* **Information**

□ □ □ □ □ □ □

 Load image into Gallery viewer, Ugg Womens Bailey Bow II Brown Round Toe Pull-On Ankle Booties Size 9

□ □ □ □ □ □ □

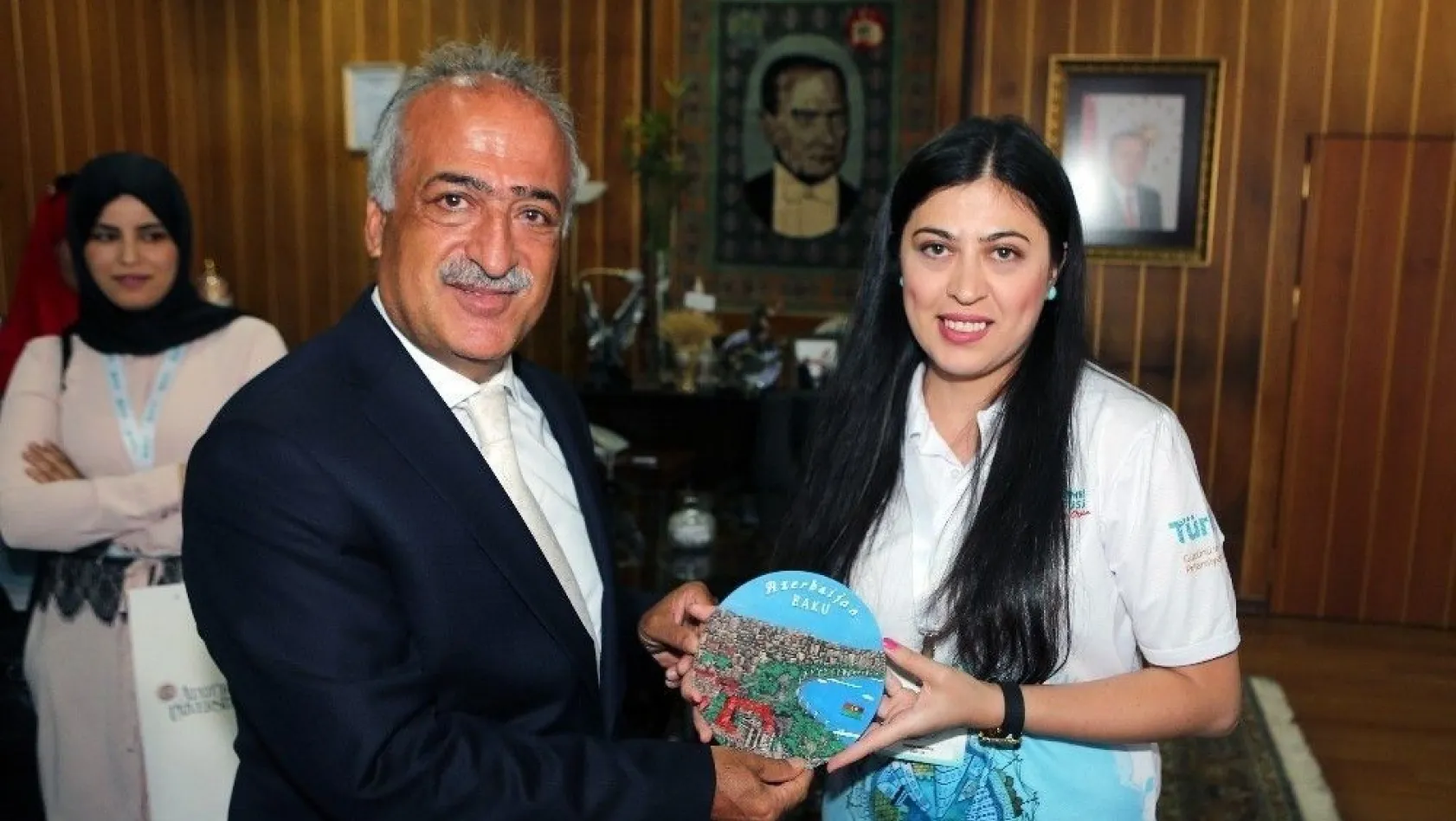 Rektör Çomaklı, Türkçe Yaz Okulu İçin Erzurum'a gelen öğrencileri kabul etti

□ □ □ □ □ □ □

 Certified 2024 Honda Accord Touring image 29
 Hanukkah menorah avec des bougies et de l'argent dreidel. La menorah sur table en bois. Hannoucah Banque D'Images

□ □ □ □ □ □ □

Would you retype exactly the lines above, from the line with "Certified 2024 Honda Accord Touring image 29" to the line with "Hanukkah menorah avec", with both end lines kept and nothing more?

* **Result of this task**
 Certified 2024 Honda Accord Touring image 29
 Hanukkah menorah avec des bougies et de l'argent dreidel. La menorah sur table en bois. Hannoucah Banque D'Images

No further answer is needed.